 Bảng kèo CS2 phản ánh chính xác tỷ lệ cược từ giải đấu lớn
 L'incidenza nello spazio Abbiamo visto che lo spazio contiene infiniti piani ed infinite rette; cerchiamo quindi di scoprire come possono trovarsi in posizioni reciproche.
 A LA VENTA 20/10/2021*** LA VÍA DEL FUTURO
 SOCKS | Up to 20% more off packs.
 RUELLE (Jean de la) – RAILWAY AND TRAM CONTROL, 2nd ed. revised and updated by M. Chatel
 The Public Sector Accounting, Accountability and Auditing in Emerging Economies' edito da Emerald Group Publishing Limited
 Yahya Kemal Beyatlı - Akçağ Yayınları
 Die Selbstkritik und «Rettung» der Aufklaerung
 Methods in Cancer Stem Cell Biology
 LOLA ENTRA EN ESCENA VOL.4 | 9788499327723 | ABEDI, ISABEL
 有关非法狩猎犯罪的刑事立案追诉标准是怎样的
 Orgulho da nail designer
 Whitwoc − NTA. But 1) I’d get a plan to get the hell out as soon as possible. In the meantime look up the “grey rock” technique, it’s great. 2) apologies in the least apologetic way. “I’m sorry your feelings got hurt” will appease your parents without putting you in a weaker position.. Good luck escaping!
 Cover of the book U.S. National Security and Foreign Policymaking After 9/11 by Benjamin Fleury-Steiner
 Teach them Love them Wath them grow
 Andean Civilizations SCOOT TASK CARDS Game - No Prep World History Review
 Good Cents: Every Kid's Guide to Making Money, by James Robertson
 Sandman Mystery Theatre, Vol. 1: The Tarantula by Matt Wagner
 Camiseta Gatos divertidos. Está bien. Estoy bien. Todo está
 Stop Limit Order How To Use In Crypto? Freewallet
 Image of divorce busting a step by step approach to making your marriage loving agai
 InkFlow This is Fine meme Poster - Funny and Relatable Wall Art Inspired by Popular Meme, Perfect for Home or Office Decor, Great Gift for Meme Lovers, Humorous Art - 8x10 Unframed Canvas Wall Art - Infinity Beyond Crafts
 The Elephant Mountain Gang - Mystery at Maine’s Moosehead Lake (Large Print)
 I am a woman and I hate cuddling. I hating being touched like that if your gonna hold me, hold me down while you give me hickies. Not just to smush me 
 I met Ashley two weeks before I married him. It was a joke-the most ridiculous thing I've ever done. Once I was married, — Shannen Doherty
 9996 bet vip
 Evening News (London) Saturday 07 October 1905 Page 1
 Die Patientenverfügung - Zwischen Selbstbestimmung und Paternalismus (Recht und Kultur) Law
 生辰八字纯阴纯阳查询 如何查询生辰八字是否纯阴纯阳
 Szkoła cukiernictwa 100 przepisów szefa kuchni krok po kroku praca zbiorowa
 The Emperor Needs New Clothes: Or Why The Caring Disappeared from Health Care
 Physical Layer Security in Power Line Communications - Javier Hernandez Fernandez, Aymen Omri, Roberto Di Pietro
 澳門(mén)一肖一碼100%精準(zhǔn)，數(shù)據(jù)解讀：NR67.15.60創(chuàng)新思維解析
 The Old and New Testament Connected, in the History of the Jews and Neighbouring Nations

┄┄┄┄┄┄┄┄┄┄

* **What you have to do**: Only the lines from the first line of the records through the line with "RUELLE (Jean de" should be reproduced, exactly and with nothing added.

* **Result of this task**:
 Bảng kèo CS2 phản ánh chính xác tỷ lệ cược từ giải đấu lớn
 L'incidenza nello spazio Abbiamo visto che lo spazio contiene infiniti piani ed infinite rette; cerchiamo quindi di scoprire come possono trovarsi in posizioni reciproche.
 A LA VENTA 20/10/2021*** LA VÍA DEL FUTURO
 SOCKS | Up to 20% more off packs.
 RUELLE (Jean de la) – RAILWAY AND TRAM CONTROL, 2nd ed. revised and updated by M. Chatel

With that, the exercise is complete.